The Conference Board says global economic growth is forecast to slip to 2.8% in 2008 and 2.4% in 2009.

“A number of developed countries are close to recession, and given the current state of financial markets, weak economic growth is expected to last through 2009,” said Kip Beckman, a principal research associate with the Conference Board. “Developing countries such as China and India have picked up the slack in the world economy, although they, too, are now being affected by the global slowdown.”

Strong exports enabled the U.S. economy to avoid a technical recession over the first two quarters of 2008, but the Conference Board expects poor consumer spending to push the country over the edge into a recession. They expect real GDP growth of 1.8% this year and 0.5% in 2009.

Europe and Japan are expected to follow the U.S. decline.
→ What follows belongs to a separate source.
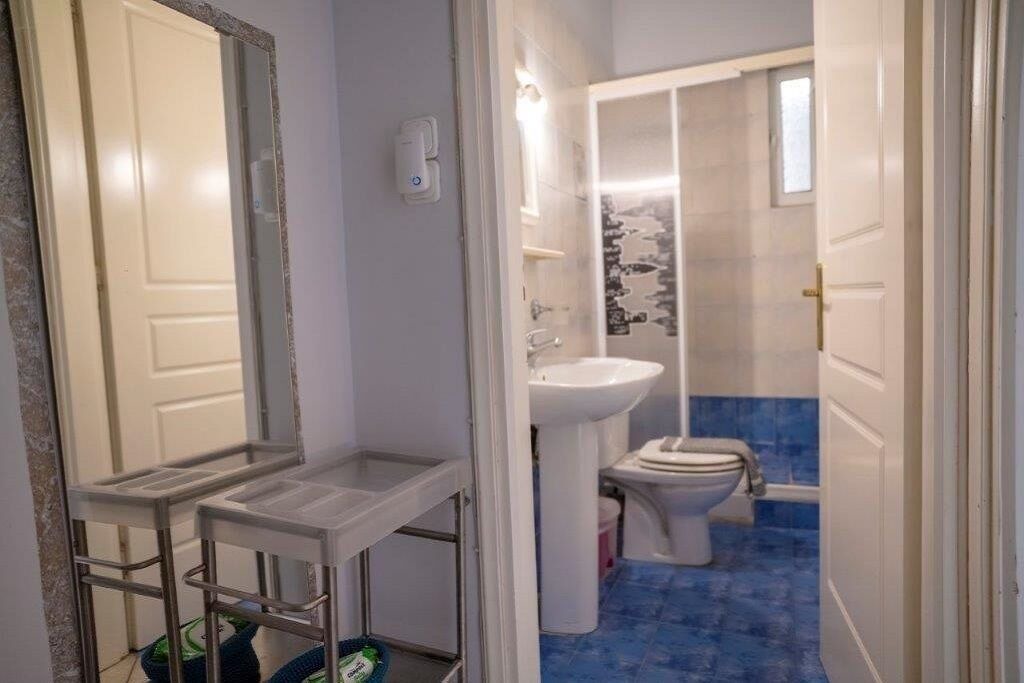 Photo of Bathroom in Kinosargous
In fact, there was evidence that the United Kingdom is already in the midst of a recession, according to a report by IHS Global Insight.

While contraction in the third quarter does not put the U.K. officially into technical recession yet — defined as two successive declines in quarter-on-quarter growth, and the economy was flat in the second quarter — the depth of the decline means that we are there to all intents and purposes,” the report states.

The turmoil in the United States is expected to limit Canadian economic growth to 0.8 % in 2008, but the Conference Board’s current projection is that Canada will skirt a recession.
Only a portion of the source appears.